Pre- and postoperative brain CT/CT angiography. A preoperative brain CT showed severe obstructive hydrocephalus with ventriculomegaly (A) and low signal density of bilateral cerebellum with tight posterior fossa (B), indicating acute cerebellar infarction with brain stem compression. After emergent suboccipital craniotomy, a postoperative brain CT angiography was performed to investigate vascular patency (C–E). The anterior circulation was intact with vascular compromised; however, the left intracranial vertebral artery (VA) hypoplasia was noted and bilateral superior cerebellar arteries (SCA), anterior inferior cerebellar arteries (AICA), and posterior inferior cerebellar arteries (PICA) were vanished, suggesting a bilateral SCA, AICA, and PICA territories infarction. After craniectomy, the posterior fossa was decompressed till foramen magnum (D, arrowhead) and the fourth ventricle was patent (E, arrowhead). CT = computed tomography.

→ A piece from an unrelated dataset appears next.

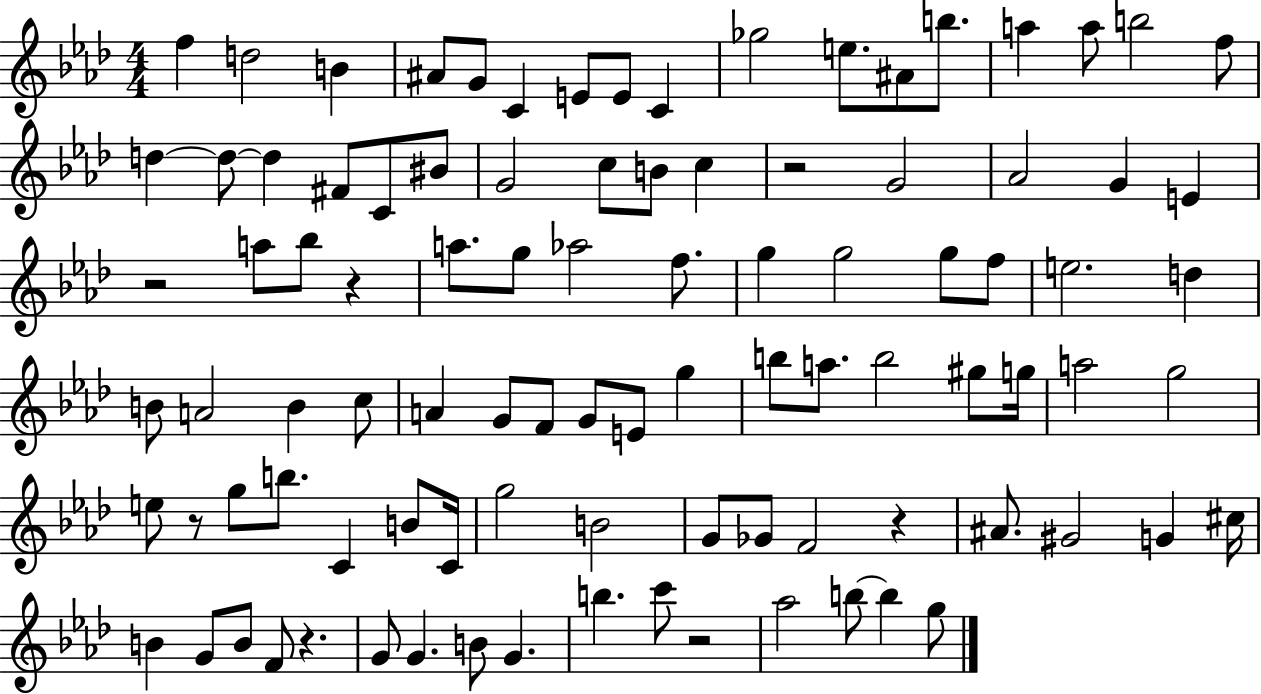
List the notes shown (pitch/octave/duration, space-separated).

F5/q D5/h B4/q A#4/e G4/e C4/q E4/e E4/e C4/q Gb5/h E5/e. A#4/e B5/e. A5/q A5/e B5/h F5/e D5/q D5/e D5/q F#4/e C4/e BIS4/e G4/h C5/e B4/e C5/q R/h G4/h Ab4/h G4/q E4/q R/h A5/e Bb5/e R/q A5/e. G5/e Ab5/h F5/e. G5/q G5/h G5/e F5/e E5/h. D5/q B4/e A4/h B4/q C5/e A4/q G4/e F4/e G4/e E4/e G5/q B5/e A5/e. B5/h G#5/e G5/s A5/h G5/h E5/e R/e G5/e B5/e. C4/q B4/e C4/s G5/h B4/h G4/e Gb4/e F4/h R/q A#4/e. G#4/h G4/q C#5/s B4/q G4/e B4/e F4/e R/q. G4/e G4/q. B4/e G4/q. B5/q. C6/e R/h Ab5/h B5/e B5/q G5/e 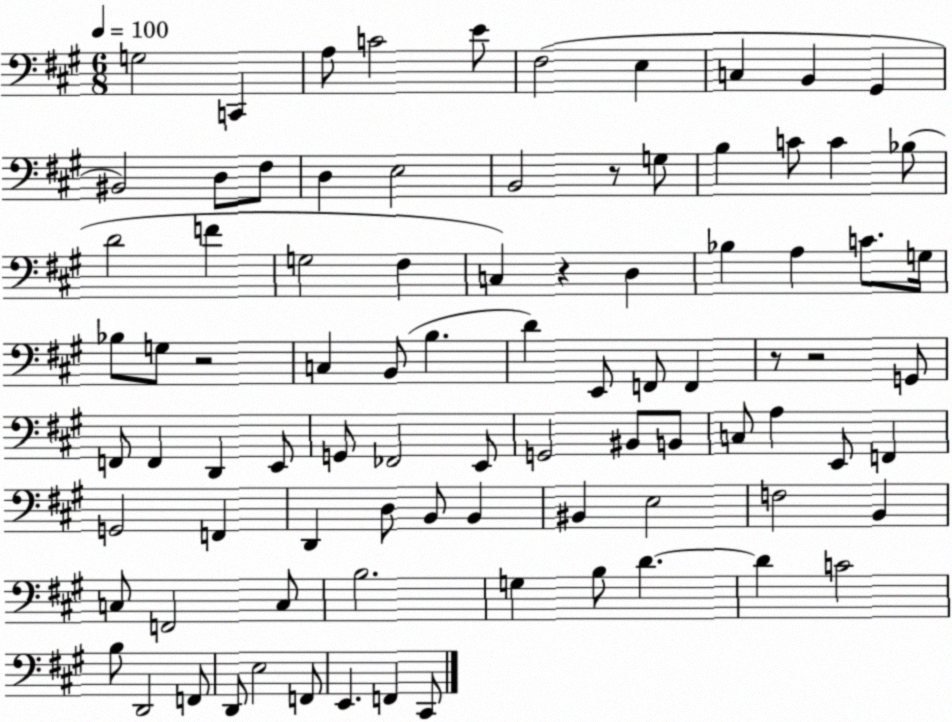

Her consciousness gradually improved to E3VeM6 in 2 weeks postoperatively. However, daily feeding from nasogastric tube could not achieve appropriate caloric goal due to milk stasis in the stomach. Upon percussion and auscultation, tympanic sound and intermittently hypermobile gastric movement were found. Abdominal CT showed a bloated stomach and the horizontal portion of the duodenum was sandwiched between the aorta and the SMA, causing duodenal obstruction (Fig. 2, B and C). The aorta-SMA angle was approximately 15°, while the aorta-SMA distance was 6 mm (Fig. 2, A and B). Repeated endoscopic naso-jejunal tube insertion was failed to bypass the SMA impinged duodenum. Parental nutrition was given for prolonged poor enteral feeding-related significant body weight loss. She underwent tracheostomy and was transferred to respiratory care unit for weaning ventilator.
Figure 2.
A brain MRI showed bilateral extensive signal hyperintensity in T2-weighted imaging, indicating a previous insult of cerebellar hemispheric infarction at SCA and PICA territories bilaterally. PICA = posterior inferior cerebellar artery, SCA = superior cerebellar artery, MRI = magnetic resonance imaging.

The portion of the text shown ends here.